§ **Data extracts**

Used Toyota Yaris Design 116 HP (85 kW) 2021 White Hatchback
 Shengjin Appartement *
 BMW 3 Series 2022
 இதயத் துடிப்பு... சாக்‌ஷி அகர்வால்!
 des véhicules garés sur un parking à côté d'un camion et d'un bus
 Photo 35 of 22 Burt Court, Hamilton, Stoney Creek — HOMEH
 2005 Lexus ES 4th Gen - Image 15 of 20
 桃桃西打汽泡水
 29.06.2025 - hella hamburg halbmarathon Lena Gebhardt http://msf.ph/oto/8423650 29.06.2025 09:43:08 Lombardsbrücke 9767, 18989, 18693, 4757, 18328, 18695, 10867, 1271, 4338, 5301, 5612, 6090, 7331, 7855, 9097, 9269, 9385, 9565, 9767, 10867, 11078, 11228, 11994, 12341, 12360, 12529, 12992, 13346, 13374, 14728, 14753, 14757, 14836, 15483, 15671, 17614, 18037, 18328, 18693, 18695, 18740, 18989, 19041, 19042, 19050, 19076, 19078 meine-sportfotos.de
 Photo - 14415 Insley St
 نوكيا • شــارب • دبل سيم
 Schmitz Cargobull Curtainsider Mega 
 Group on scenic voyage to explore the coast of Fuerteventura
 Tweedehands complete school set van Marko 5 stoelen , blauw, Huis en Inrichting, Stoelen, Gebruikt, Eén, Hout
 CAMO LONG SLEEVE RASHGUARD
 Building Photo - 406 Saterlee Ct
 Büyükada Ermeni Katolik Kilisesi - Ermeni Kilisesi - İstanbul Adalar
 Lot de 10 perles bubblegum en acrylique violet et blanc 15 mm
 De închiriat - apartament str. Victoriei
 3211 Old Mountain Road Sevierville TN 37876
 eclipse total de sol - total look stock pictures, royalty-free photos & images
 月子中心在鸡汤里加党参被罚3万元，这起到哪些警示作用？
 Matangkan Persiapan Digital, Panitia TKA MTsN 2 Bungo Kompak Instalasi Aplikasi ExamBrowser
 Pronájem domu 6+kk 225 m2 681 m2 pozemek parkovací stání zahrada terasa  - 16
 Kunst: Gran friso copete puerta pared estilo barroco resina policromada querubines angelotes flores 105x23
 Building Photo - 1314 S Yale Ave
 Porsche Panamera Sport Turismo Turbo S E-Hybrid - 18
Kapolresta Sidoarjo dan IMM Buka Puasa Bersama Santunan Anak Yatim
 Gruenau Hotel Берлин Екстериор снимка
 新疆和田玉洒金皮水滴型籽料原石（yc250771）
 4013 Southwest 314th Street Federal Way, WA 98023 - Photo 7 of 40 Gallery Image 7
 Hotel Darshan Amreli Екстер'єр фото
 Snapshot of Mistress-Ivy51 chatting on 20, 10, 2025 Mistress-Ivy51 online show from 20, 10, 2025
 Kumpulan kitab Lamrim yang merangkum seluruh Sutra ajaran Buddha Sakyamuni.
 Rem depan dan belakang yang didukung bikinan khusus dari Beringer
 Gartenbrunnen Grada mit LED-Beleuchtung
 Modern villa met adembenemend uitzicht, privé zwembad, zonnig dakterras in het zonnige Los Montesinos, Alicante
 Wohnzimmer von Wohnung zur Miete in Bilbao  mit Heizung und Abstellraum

§ **Task objective**
The lines to reproduce run from the one containing "Gruenau Hotel Берлин Екстериор снимка" to the last line of the listing; print them exactly, including both ends.

§ **Result**
 Gruenau Hotel Берлин Екстериор снимка
 新疆和田玉洒金皮水滴型籽料原石（yc250771）
 4013 Southwest 314th Street Federal Way, WA 98023 - Photo 7 of 40 Gallery Image 7
 Hotel Darshan Amreli Екстер'єр фото
 Snapshot of Mistress-Ivy51 chatting on 20, 10, 2025 Mistress-Ivy51 online show from 20, 10, 2025
 Kumpulan kitab Lamrim yang merangkum seluruh Sutra ajaran Buddha Sakyamuni.
 Rem depan dan belakang yang didukung bikinan khusus dari Beringer
 Gartenbrunnen Grada mit LED-Beleuchtung
 Modern villa met adembenemend uitzicht, privé zwembad, zonnig dakterras in het zonnige Los Montesinos, Alicante
 Wohnzimmer von Wohnung zur Miete in Bilbao  mit Heizung und Abstellraum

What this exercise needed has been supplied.